One can tell that both the Abraham and Isaac Gerar stories have a late origin because they each claim that Philistines controlled and lived in and about Gerar. The Philistines didn’t arrive in Canaan until the twelfth century B.C., about six hundred years after the time of Abraham and Isaac. So, the Gerar stories are false. But what about the first story, taking place in Egypt?

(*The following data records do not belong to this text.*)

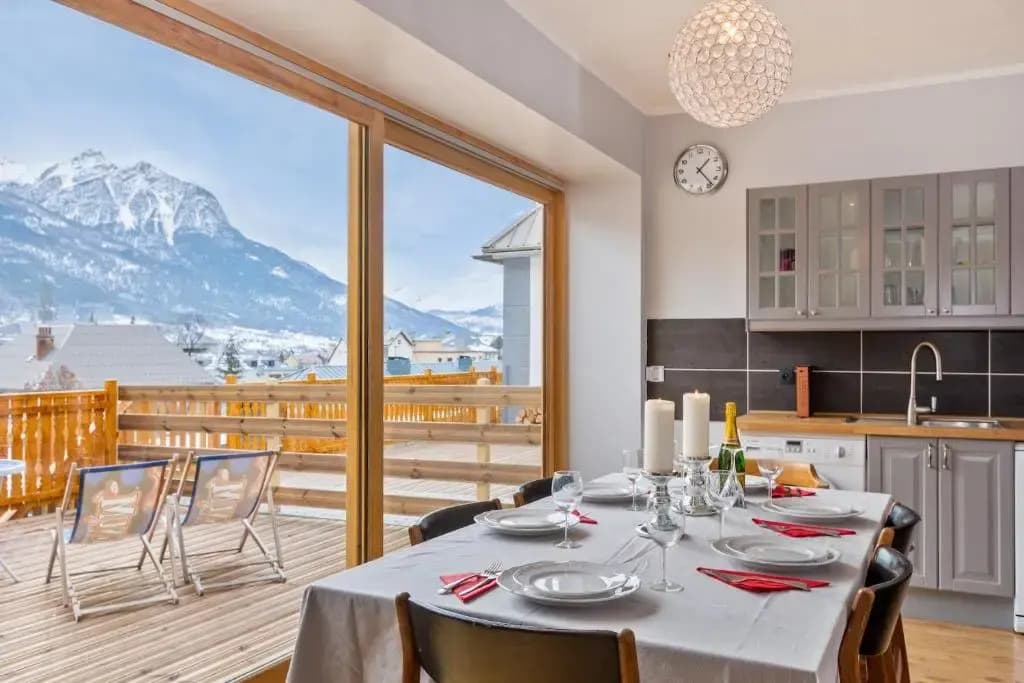 Apartment Briancon - Miniature 6
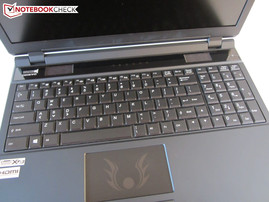 Tastatur unbeleuchtet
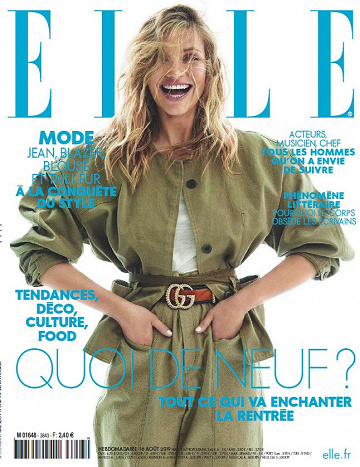 Elle N°3843 - 16 au 22 Août 2019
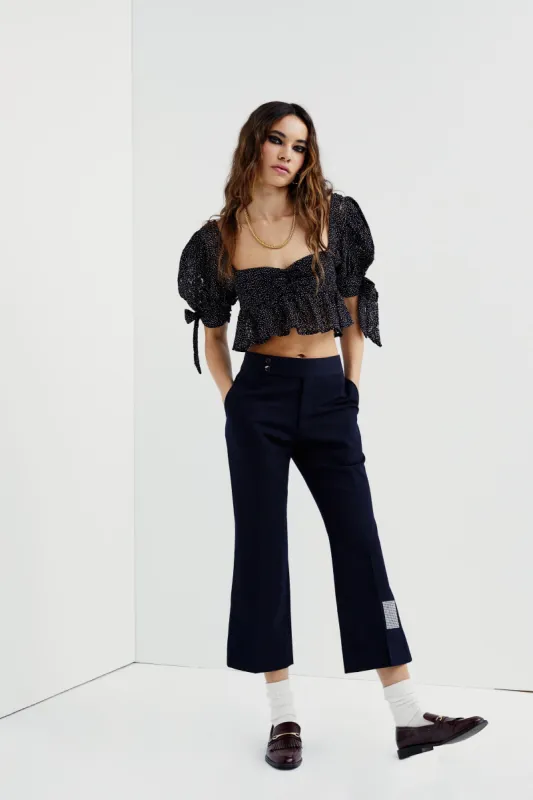 Lelia Top sold by For Love And Lemons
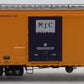 Rapido Trains 156003A HO SF Texas Chief Slogan RR-56 Mechanical Reefer #2157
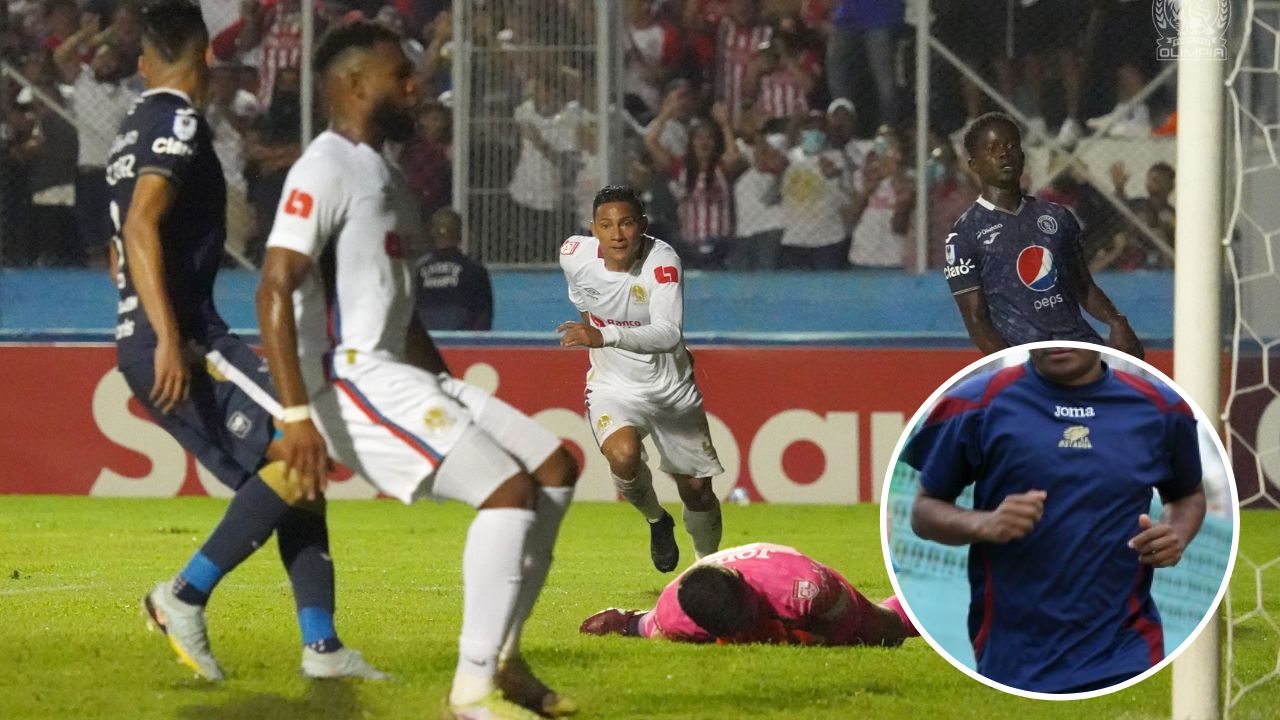 Exjugador del Motagua menciona lo que Olimpia si tiene en el plano internacional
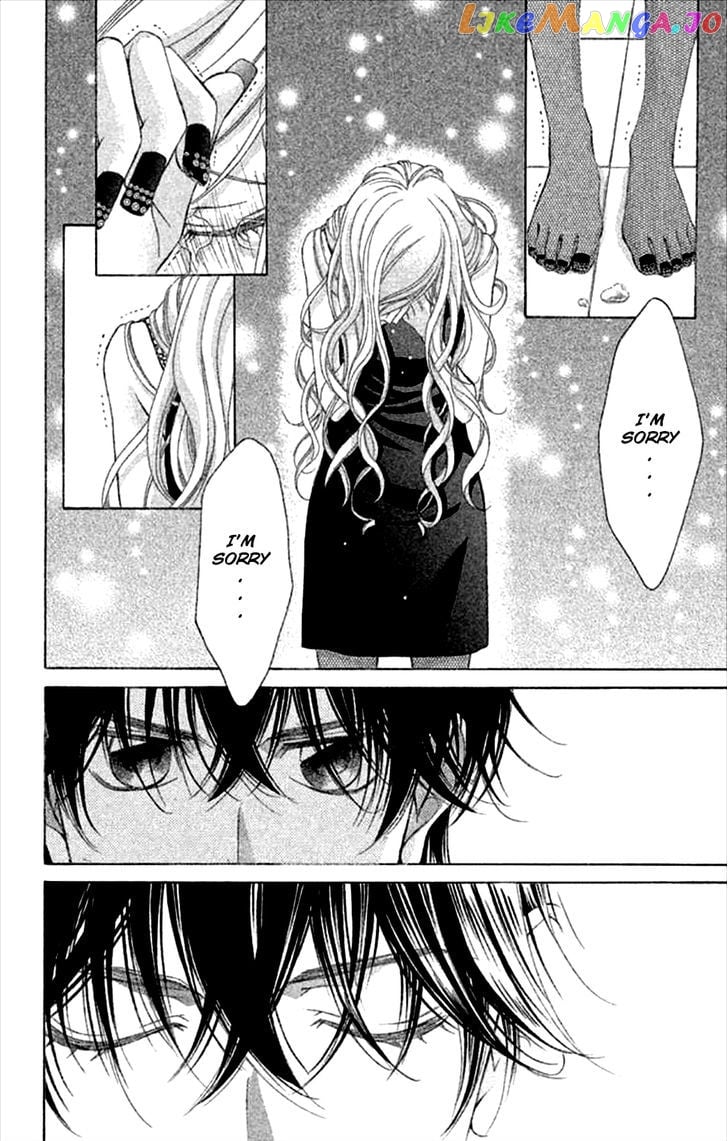 Kanojo wa Uso wo Aishisugiteru chapter 44 - page 43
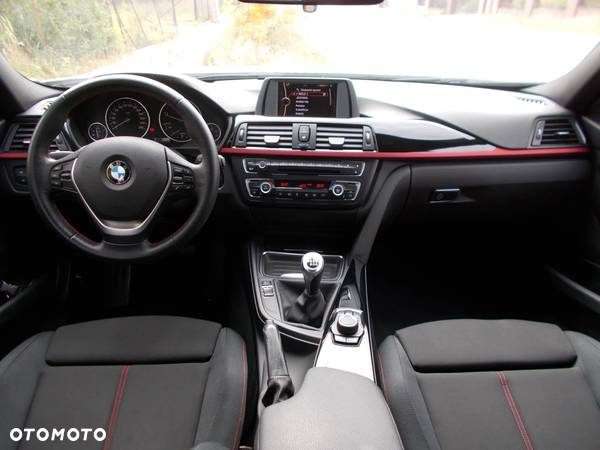 BMW Seria 3 316d Luxury Line - 6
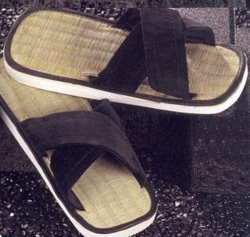 Asiatiska rishalmsandaler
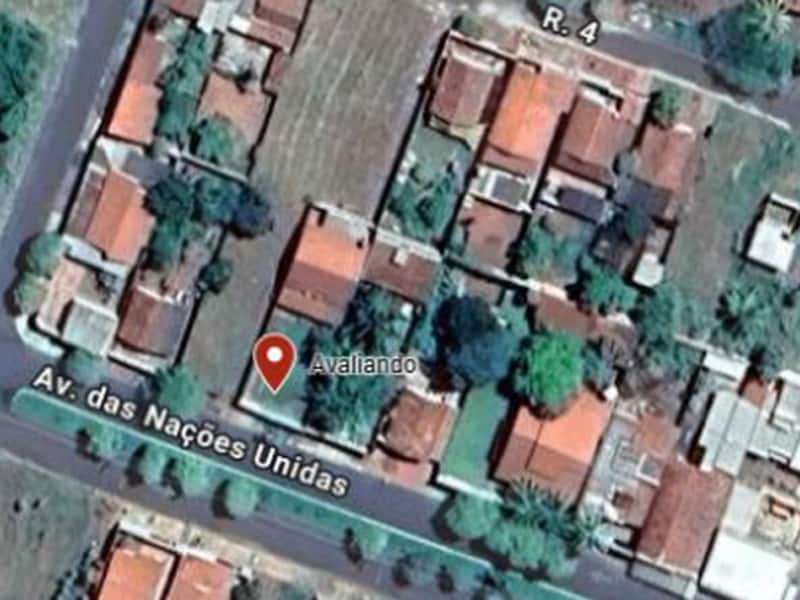 Casa - Quirinópolis - GO, localizado em Quirinópolis - GO, bairro Tonico Bento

As we saw in Myth #49, when Abraham left Egypt he headed south into Upper Egypt, not into Canaan. This suggests that the story of Abraham and the pharaoh stems from an Egyptian source. Following the traditional Jewish chronology of the Bible, Abraham arrived in Egypt during the latter half of the eighteenth century B.C. For the Egyptians, this was a troubling time that Egyptologists refer to as the Second Intermediate Period.
During this era, a coalition of non-Egyptians residing in the Egyptian delta began to seize power. Known as the Hyksos, they eventually took control over most of Egypt and ruled for almost two centuries. The legitimate Egyptian kings in Thebes either kept control over some portion of Upper Egypt or served as vassals to the Hyksos rulers in Lower Egypt.

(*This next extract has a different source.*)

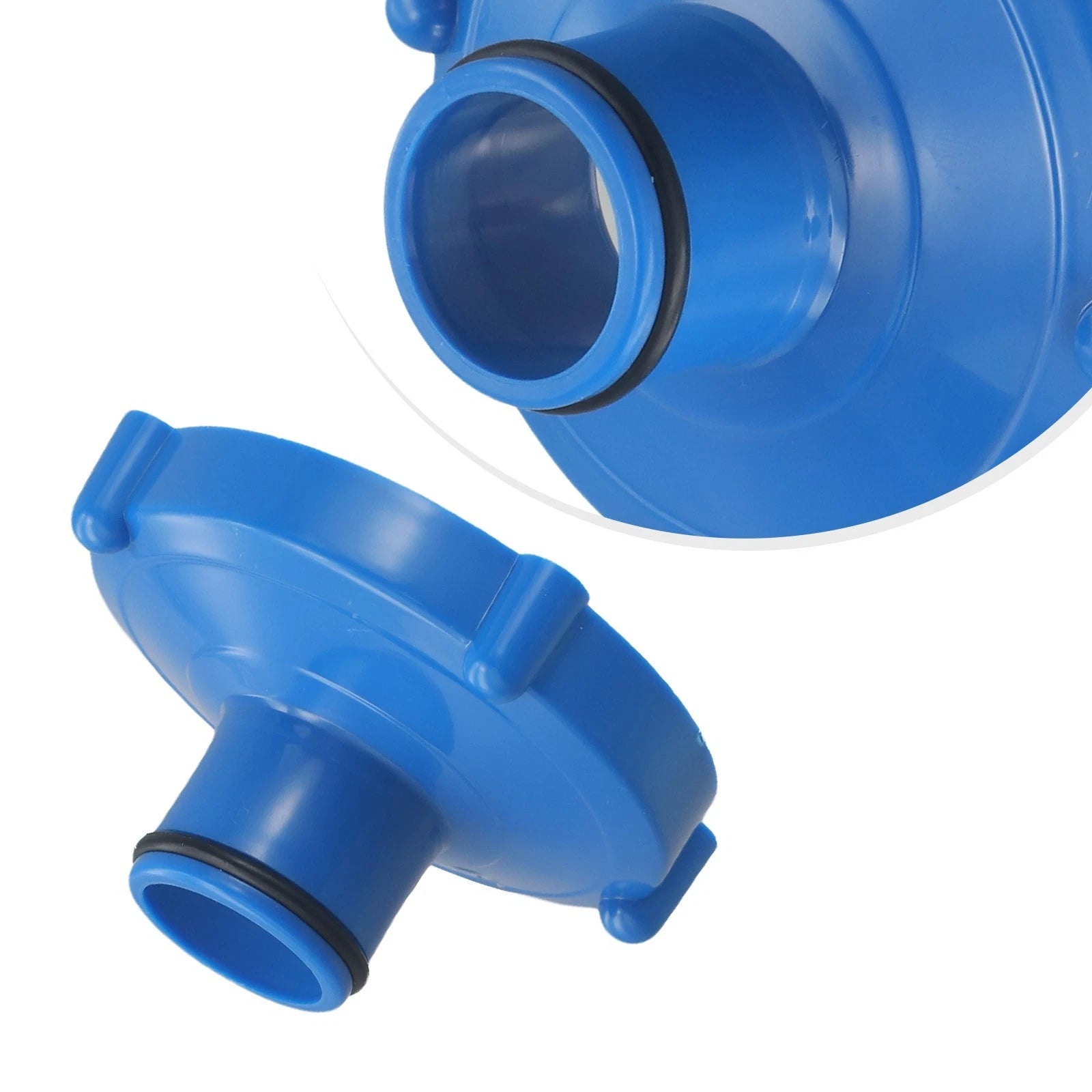 PVC Hose Adapter for Intex Pool (Resistant, Sturdy)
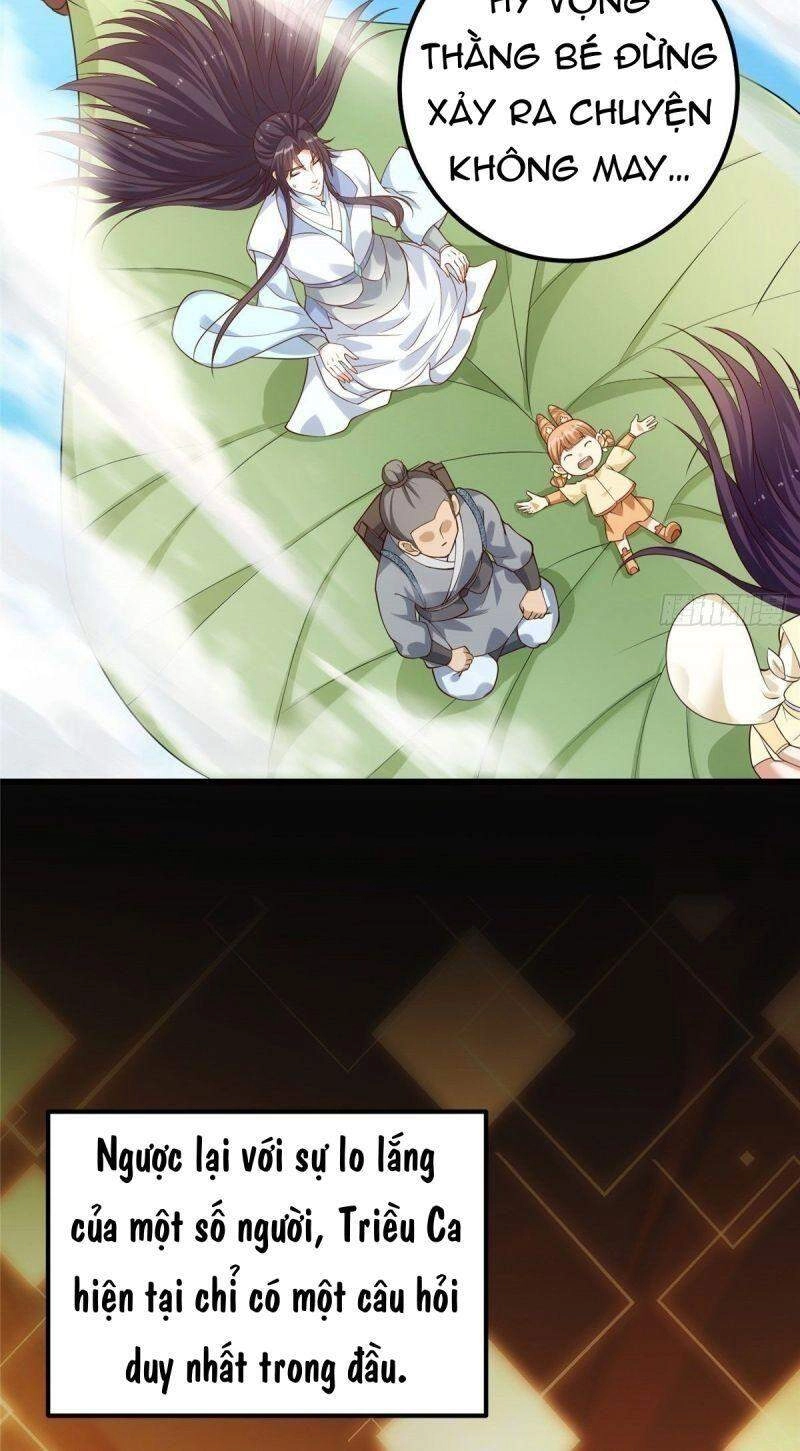 Chưởng Môn Khiêm Tốn Chút Chapter 8 - 24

In an interesting mythological/literary twist, the Hyksos kings worshipped the Egyptian god Set, the only recognized mythological rival to Horus. The Hyksos-Thebes conflict mirrored the Horus-Set conflict, and later Egyptian literature tended to identify foreign invaders as agents of Set. The Hyksos interregnum had a powerful impact on the Egyptian mind and generated much mythic and literary imagery
.
The Hyksos built their capital at Avaris and dedicated the city to Set. About 450 years later, well after Egypt expelled the Hyksos, Pharaoh Ramesses II changed the name of Avaris to Pi-Ramesses. This city was one of the two cities that Hebrew slaves worked in, although it is not clear whether they worked there before or after the name change. The city continued to be a center for Set worship. Israelite tradition, therefore, would recall Set as an enemy king who persecuted them.

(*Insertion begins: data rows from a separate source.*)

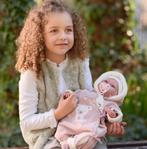Llorens levensechte babypop soft body levensechte baby pop, Spanje, Nieuw, Ophalen of Verzenden, Babypop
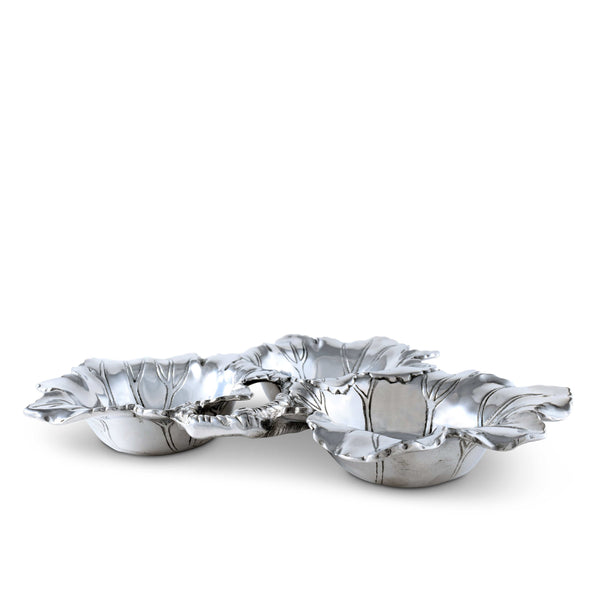 Grape 3-Bowl Bowl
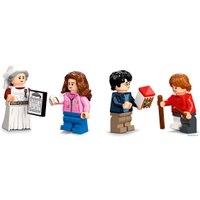 Конструктор LEGO Harry Potter 76398 Больничное крыло Хогвартса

When Abraham arrived in Egypt during the famine he would have arrived in the Egyptian delta at about the time that the Hyksos had already established a stronghold in that region. The desire of the pharaoh to marry Abraham’s wife would have been a metaphorical portrayal of the negotiations and feuds between the rising Hyksos princes and the opposing local princes. The Hyksos leader wanted a treaty. Abraham, corresponding to a local Egyptian governor, at first acquiesced and then rebelled. He fled south to Thebes, joining the legitimate rulers in their struggle against the invaders.
The city of Gerar was located in the Wilderness of Shur, the territory that Egyptians associated with the god Set. In post-Hyksos times, the rebellion of an Egyptian Abraham against a Set-worshipping king in the delta came to be equated with a rebellion against the forces of Set in the Wilderness of Shur. Abimelech of Gerar, whose name means “Father-King,” would have originally been a symbolic representation of the last Hyksos ruler, but since Gerar lay in what later became Philistine territory, the biblical redactors assumed that Abimelech must have been a Philistine king. This later rewriting of the story reinforced the idea in the mind of biblical editors that when Abraham left Egypt he went to Canaan.
So, while the story of Abraham and the pharaoh originally symbolized the conflict between Thebes and the Hyksos kings, and took place in Egypt, the story evolved into a conflict with a king in the territory of Set, and evolved further into a conflict with a Philistine king. In the meantime, political factions argued over whether Abraham or Isaac established a better claim to Beer-sheba, an argument that no doubt had something to do with resolving territorial claims among the Israelites.